§ PROVIDED DATA
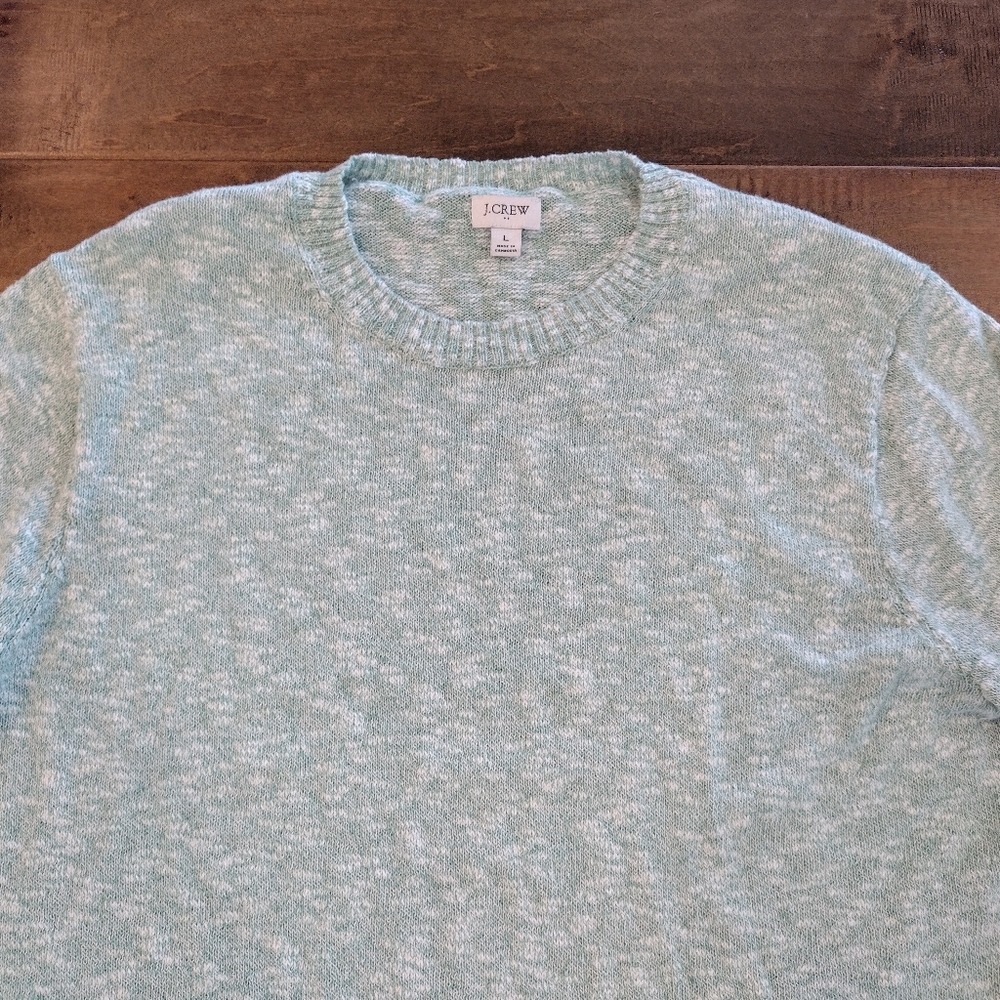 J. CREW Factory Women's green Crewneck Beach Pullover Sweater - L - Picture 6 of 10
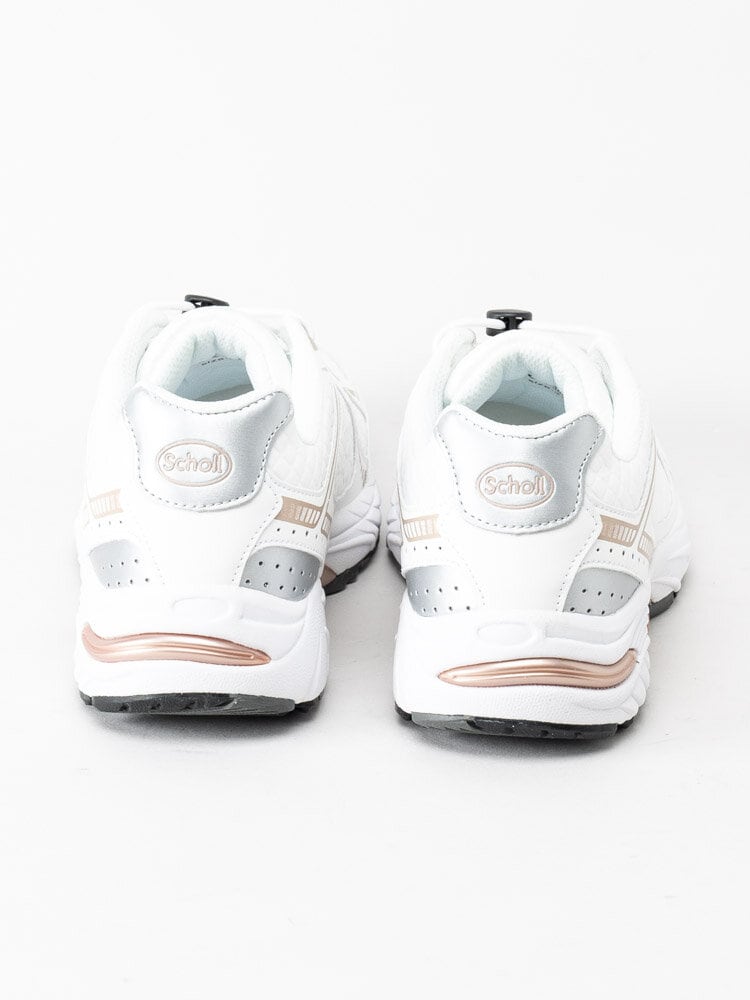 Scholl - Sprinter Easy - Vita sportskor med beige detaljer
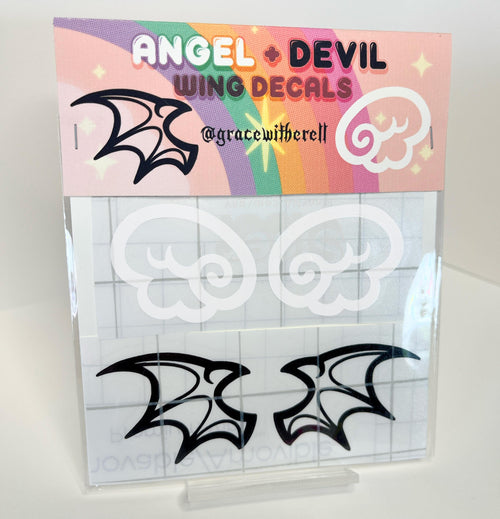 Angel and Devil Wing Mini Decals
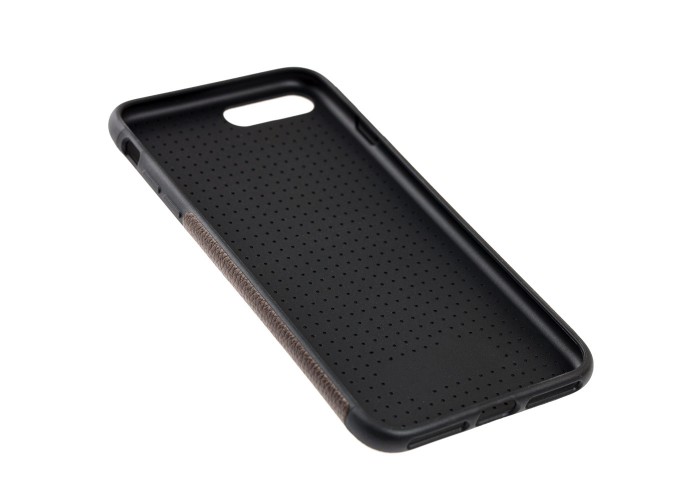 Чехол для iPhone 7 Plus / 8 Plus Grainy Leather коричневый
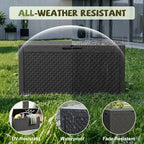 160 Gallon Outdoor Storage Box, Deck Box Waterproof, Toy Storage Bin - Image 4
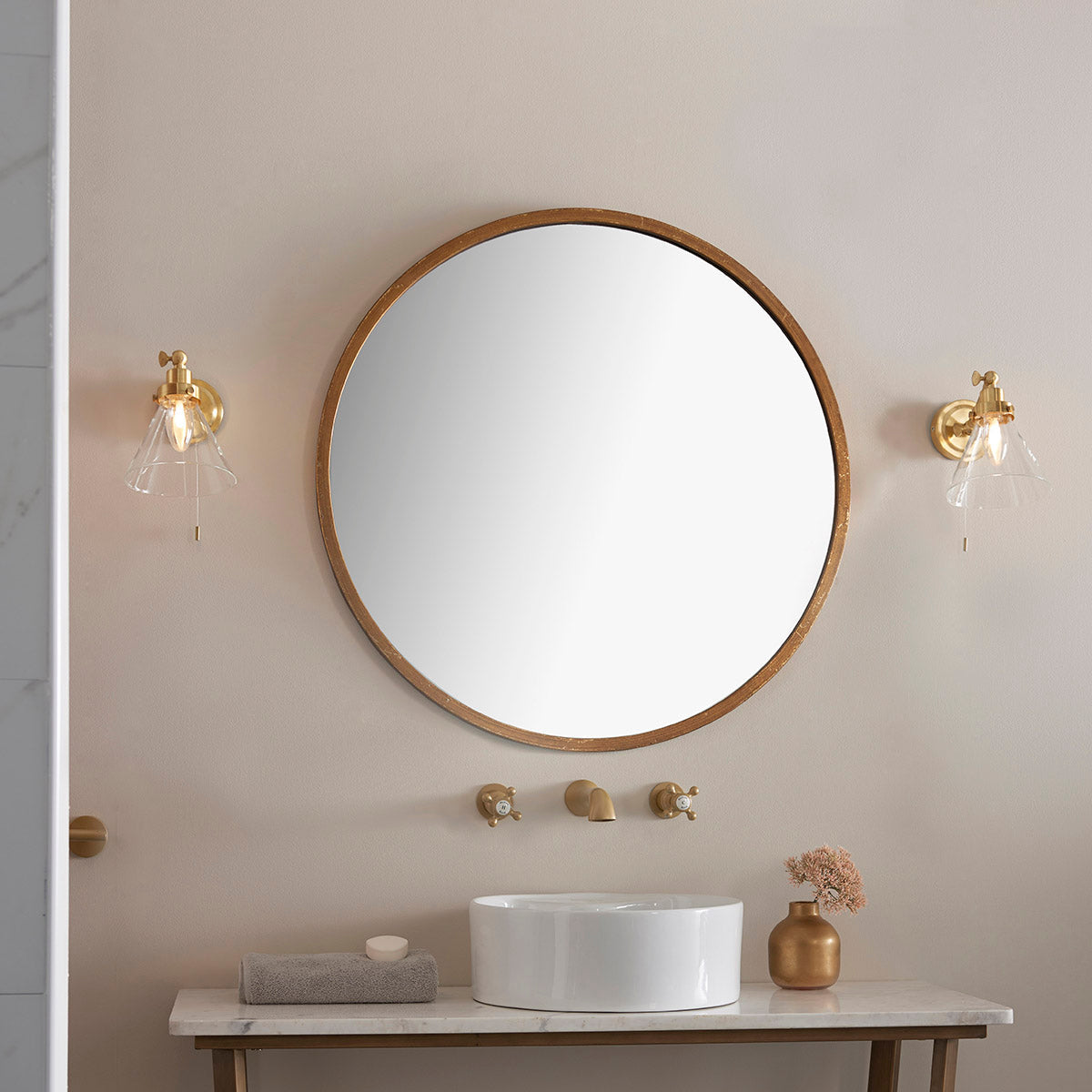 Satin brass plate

§ ABOUT THIS TASK
Except for the pictures, return every line of the material exactly.

§ EXPECTED ANSWER
 J. CREW Factory Women's green Crewneck Beach Pullover Sweater - L - Picture 6 of 10
 Scholl - Sprinter Easy - Vita sportskor med beige detaljer
 Angel and Devil Wing Mini Decals
 Чехол для iPhone 7 Plus / 8 Plus Grainy Leather коричневый
 160 Gallon Outdoor Storage Box, Deck Box Waterproof, Toy Storage Bin - Image 4
 Satin brass plate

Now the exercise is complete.